• [Instructions for the task]:
Only the lines below from the one containing "iPhone8 64GB シルバー　バッテリー75%" through the one containing "Gîte pour 8" belong in the answer, repeated exactly and without pictures.

• [Recorded information]:
☆ ☆ ☆ ☆ ☆
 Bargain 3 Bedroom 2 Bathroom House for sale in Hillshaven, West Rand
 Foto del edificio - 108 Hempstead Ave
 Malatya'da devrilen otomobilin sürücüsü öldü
☆ ☆ ☆ ☆ ☆
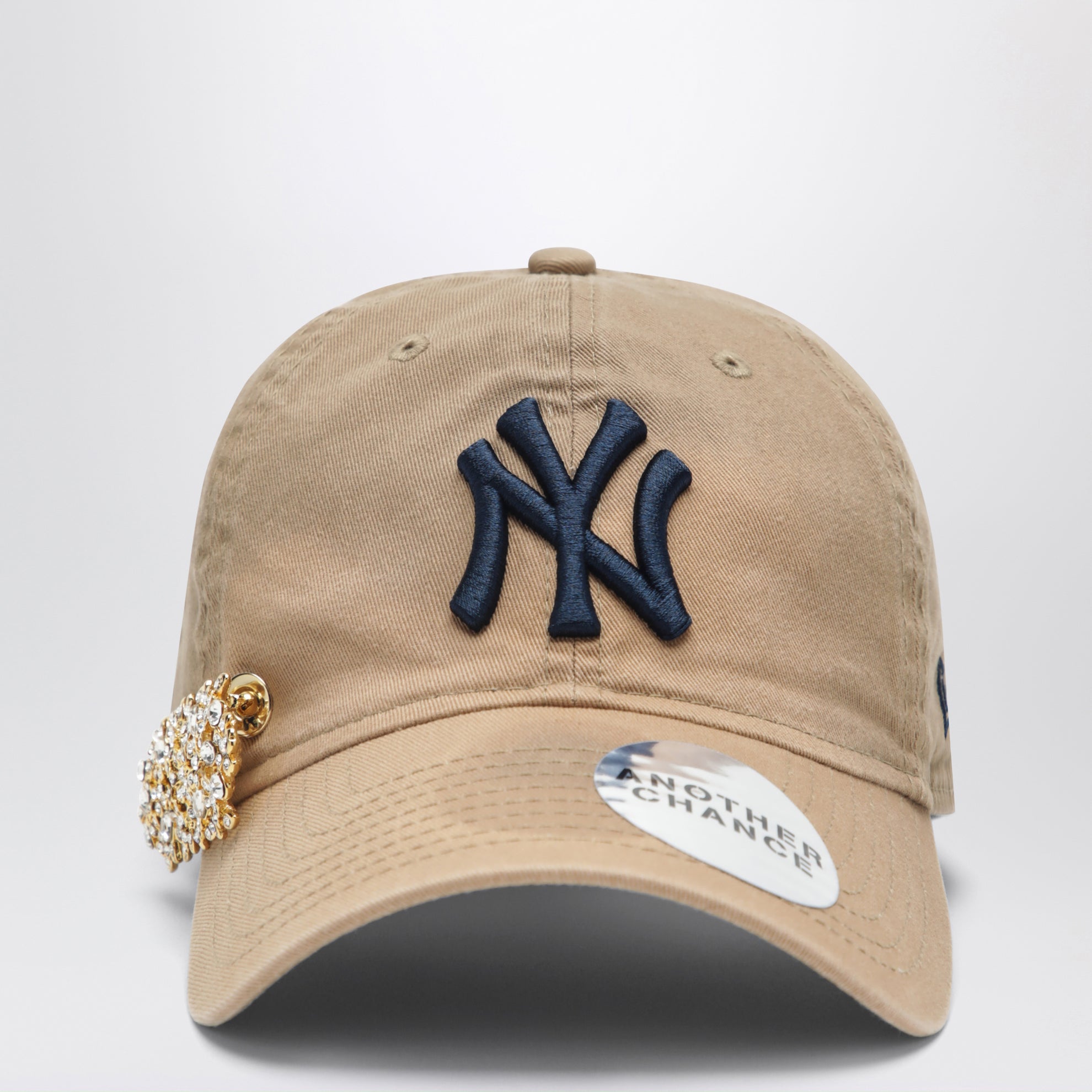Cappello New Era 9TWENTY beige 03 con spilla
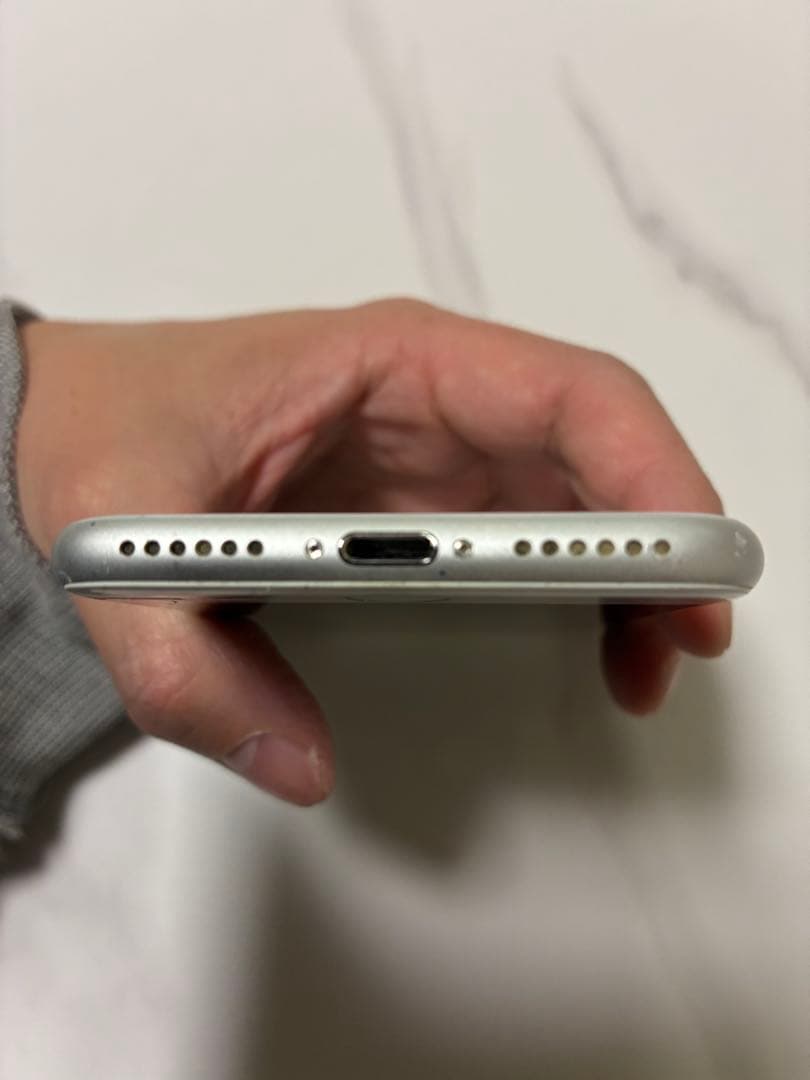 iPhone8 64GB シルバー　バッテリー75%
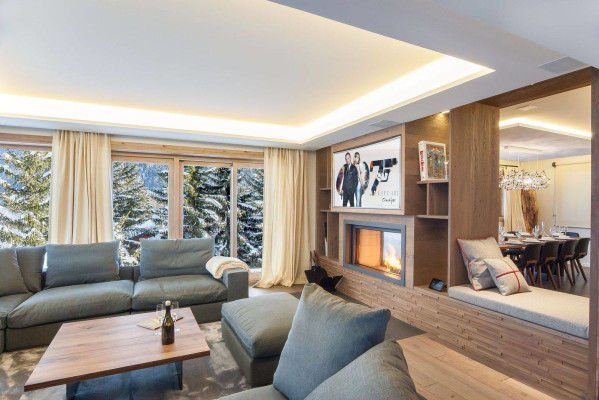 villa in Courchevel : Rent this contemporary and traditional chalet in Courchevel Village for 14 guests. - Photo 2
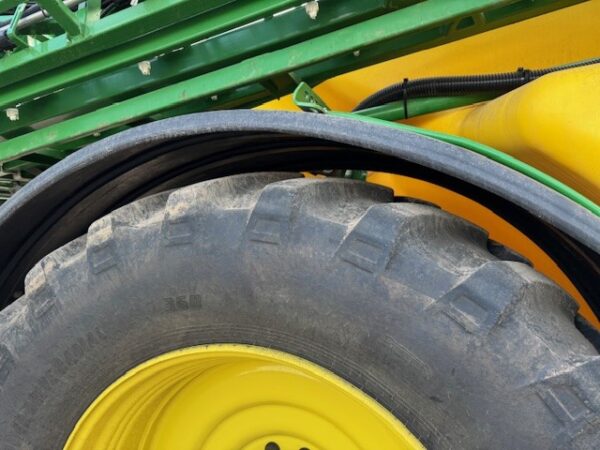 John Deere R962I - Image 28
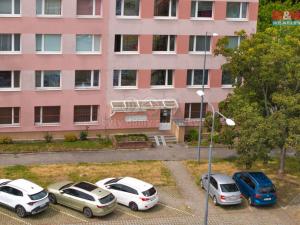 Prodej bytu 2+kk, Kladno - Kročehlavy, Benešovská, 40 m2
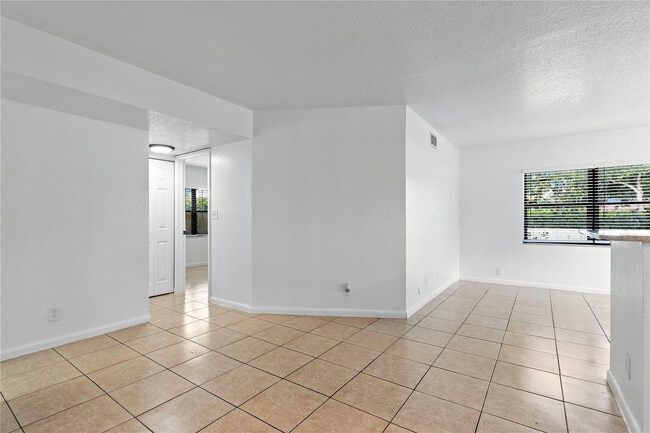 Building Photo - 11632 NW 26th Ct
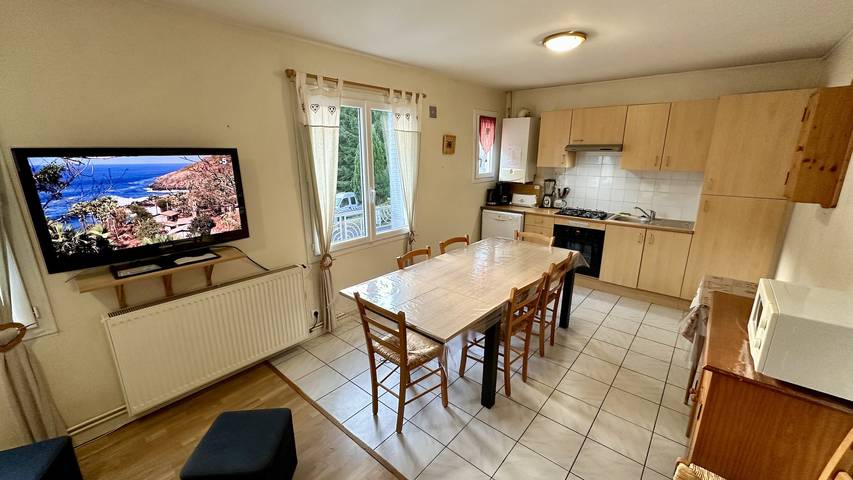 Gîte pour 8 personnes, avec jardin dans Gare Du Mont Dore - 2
☆ ☆ ☆ ☆ ☆
• [Answer to the problem]:
 iPhone8 64GB シルバー　バッテリー75%
 villa in Courchevel : Rent this contemporary and traditional chalet in Courchevel Village for 14 guests. - Photo 2
 John Deere R962I - Image 28
 Prodej bytu 2+kk, Kladno - Kročehlavy, Benešovská, 40 m2
 Building Photo - 11632 NW 26th Ct
 Gîte pour 8 personnes, avec jardin dans Gare Du Mont Dore - 2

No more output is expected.